Wann werden die Preise richtig fallen?
Bis die Herstellungskosten gleich hoch wie bei einem Verbrennungsmotor sind, wird es noch ein paar Jahre dauern, weil die Batte­rien ein grosser Kostenblock bleiben werden.

Woher soll der zusätzliche Strom für die 
Elektroautos kommen?
Strom hat es genug. Man fährt ein Auto durchschnittlich eine Stunde am Tag, es kann also in den übrigen 23 Stunden so geladen werden, dass das Netz gleichmässiger ausgelastet wird. Entscheidend ist, wie der Strom hergestellt wird: Elektromobilität macht nur Sinn, wenn die Primärenergie CO2-frei hergestellt wird, ansonsten verschiebt man nur die CO2-Emissionen vom Auto in die Kraftwerke.
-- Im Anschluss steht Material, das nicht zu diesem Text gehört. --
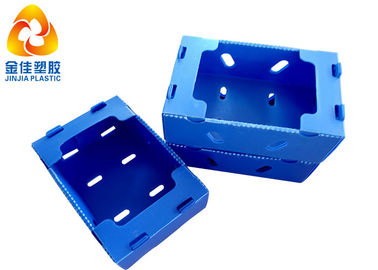 China Unfoldable Plastic Perforated Boxes For Fruits Transportation supplier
In Frankreich, Norwegen oder der Schweiz macht Elektromobilität bereits heute Sinn, aber in Polen zum Beispiel müssten zuerst die Kohlekraftwerke ersetzt werden.

Wie offen sind die Schweizer für 
Elektroautos?
Die Schweizer Bürger erlauben sich eine eigene Meinung und hängen nicht unbedingt an Traditionen. Das macht die Schweiz zu einem Pionierland für Elektromobilität. Ihren Käfer könnten Sie übrigens auch elektrifizieren. Danach fährt er viel besser und ist endlich emissionsfrei. Ich kann es Ihnen nur empfehlen, denken Sie ans Klima!